Students perceived it as an expensive, “very difficult course” that forced them to sacrifice other desired courses or programs, making it not “as inclusive as desired.”
As with other programs, the hope is “to resurrect some form of CH/BI in the future.” But even then, there are enduring questions as to whether faculty will focus on lessening the mental burden of their curricula or on reigning in future students.
“My Great Con experience was very unfulfilling. The program’s ‘rigor’ felt more like insubstantial busywork, Alyssa Vue ’24 said. ”I left feeling anxious, insecure, and disenchanted that my perspective didn’t matter.”
Similarly disgruntled ex-Environmental Conversation member Abby Hilsman ’25 state similar remarks. “There was way too much reading,” Hilsman said. “It was supposed to be empowering, but was depressing.”
Great Conversation has recently restructured and rebranded itself. The program is now called “Enduring Questions,” a response to complaints that the program’s name promoted colonialist ideas. Its reading load has also been reduced and altered to include more women and non-European writers.

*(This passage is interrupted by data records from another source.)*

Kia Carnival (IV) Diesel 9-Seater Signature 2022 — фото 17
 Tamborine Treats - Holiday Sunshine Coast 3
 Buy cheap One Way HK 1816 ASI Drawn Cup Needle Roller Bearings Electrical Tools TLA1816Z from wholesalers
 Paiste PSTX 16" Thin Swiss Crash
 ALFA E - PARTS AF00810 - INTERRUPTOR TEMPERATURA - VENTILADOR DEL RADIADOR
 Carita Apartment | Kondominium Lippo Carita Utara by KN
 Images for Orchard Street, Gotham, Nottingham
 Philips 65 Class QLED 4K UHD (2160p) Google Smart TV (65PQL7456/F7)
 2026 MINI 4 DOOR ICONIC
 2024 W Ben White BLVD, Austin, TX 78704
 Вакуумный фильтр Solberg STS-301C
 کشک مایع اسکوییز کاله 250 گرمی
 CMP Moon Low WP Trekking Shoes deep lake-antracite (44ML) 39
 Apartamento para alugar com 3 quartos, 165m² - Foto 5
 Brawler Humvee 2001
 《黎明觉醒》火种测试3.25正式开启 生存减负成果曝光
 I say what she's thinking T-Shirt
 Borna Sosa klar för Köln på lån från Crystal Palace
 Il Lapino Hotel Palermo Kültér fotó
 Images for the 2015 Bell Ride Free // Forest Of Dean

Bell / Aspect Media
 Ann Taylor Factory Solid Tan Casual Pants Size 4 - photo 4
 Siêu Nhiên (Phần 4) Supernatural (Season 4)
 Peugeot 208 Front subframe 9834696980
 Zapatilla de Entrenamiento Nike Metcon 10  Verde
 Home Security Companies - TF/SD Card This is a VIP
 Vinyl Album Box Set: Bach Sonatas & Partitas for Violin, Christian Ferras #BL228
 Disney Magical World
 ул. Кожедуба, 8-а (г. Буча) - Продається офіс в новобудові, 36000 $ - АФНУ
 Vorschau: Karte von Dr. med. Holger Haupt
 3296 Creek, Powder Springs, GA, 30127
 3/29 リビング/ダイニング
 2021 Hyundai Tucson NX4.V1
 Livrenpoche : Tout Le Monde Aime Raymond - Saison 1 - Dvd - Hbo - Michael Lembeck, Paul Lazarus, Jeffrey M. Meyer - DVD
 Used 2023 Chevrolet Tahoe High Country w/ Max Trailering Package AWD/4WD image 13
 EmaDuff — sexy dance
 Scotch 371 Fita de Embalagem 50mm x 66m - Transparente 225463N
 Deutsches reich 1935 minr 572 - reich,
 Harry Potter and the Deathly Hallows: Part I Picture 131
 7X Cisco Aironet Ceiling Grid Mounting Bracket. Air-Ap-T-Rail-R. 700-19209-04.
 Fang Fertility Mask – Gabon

Other students affirm the conversation programs’ fulfillment. Hannah Anderson ’25 voiced that she loved how “everything is connected.” Xander Fuhrer ’25 divulged, “I feel comfortable and truly seen. The intent is not just to learn, but to love, and love deeply—the world, the divine, the past, ourselves, each other. Even in all that is wrong in life, it is this strain of compassion that allows us to engage with the past, and to live to understand it.”
The questions between students and professors, past and present, and ideas and their oppositions are critical to this engagement. While each conversation program has faculty that manages its own section, students’ questions and concerns on any particular one should be considered by all overseeing officials. The genuine care to address all concerns leads to the excellence which grounds St. Olaf’s reputation.
As Fuhrer puts it, “sincere, vulnerable sentiment is one of the things this encourages. Without it, how could profound conversation ever take shape?” The Conversations Programs are in a liminal stage.